Not only the poetry is horrendous, it also has stereotypes towards Spain which are the most toxic thing I’ve ever encountered, the way she speaks about Spanish men is revolting (as if in the US they were better, making it seem that Spain is a kind of 3rd world country and it’s people too, revolting). I hate this and everything around it.
You would think a book about subject matter that’s this raw and sharp would be difficult to read. & yet, this book handles this material with such an extraordinary grace & wit that refuses to turn away from the messy in pursuit of the beautiful. Want a stunning poem about a series of UTIs? This is that book.
A poignant and heart-wrenching collection that explores the deeper recesses of the human condition and the intricacies and nuances of broken trust in others, and the possibilities of healing thereafter — highly recommend!
I saw the author read in LA and bought the book -- their poems are beautiful, complicated, a teasing out of when to reveal oneself and how and why. Their way into the ultra-specific is generous and expansive. I loved it!
This collection is hauntingly beautiful. I found myself moving back and forth between the pages. Bambrick brings words to the page in a way that makes you present in in a way that almost feels intrusive.
This piece of poetry really had me thinking and making sure I analyzed what I read after. There were times were I was lost with the authors wording but I have to say that I enjoyed this. It is not for the faint of heart so I would suggest to read up on trigger warnings! 4 stars 🌟
A set of memory poems - unclear if chronological or not as they seem to bounce back and forth. Focused on the impact of sexual violence and not the act itself - the detachment and healing process. Hints at cultural fissures.
Was a little slow in the beginning but definitely worth the read towards the end. Although this book was not presented to me accurately, I’m glad I read it.
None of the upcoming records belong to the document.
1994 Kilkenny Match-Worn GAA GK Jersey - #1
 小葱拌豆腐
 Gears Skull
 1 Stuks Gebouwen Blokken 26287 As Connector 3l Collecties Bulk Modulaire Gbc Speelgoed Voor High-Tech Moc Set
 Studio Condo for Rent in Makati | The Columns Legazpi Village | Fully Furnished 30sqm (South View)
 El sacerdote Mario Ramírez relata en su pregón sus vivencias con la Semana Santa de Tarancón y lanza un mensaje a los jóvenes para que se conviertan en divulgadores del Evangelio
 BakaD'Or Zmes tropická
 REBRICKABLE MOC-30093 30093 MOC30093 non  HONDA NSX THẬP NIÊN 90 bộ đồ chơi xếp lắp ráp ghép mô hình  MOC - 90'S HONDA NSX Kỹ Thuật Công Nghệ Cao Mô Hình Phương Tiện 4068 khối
reread and have much more complicated thoughts on this book than I did two years ago, funny how that happens! regardless, this book taught me a lot about stripping down language, precision, juxtaposition of image/interior--now, not only from what it does well, but from my own judgements on how I'd have tweaked this poem, or organized that section. crazy to mark this growth as a reader and writer
Taneum Bambrick has such a way with language and situations. Every situation feels simultaneously literal and metaphorical. Every detail feels like the key to the poem.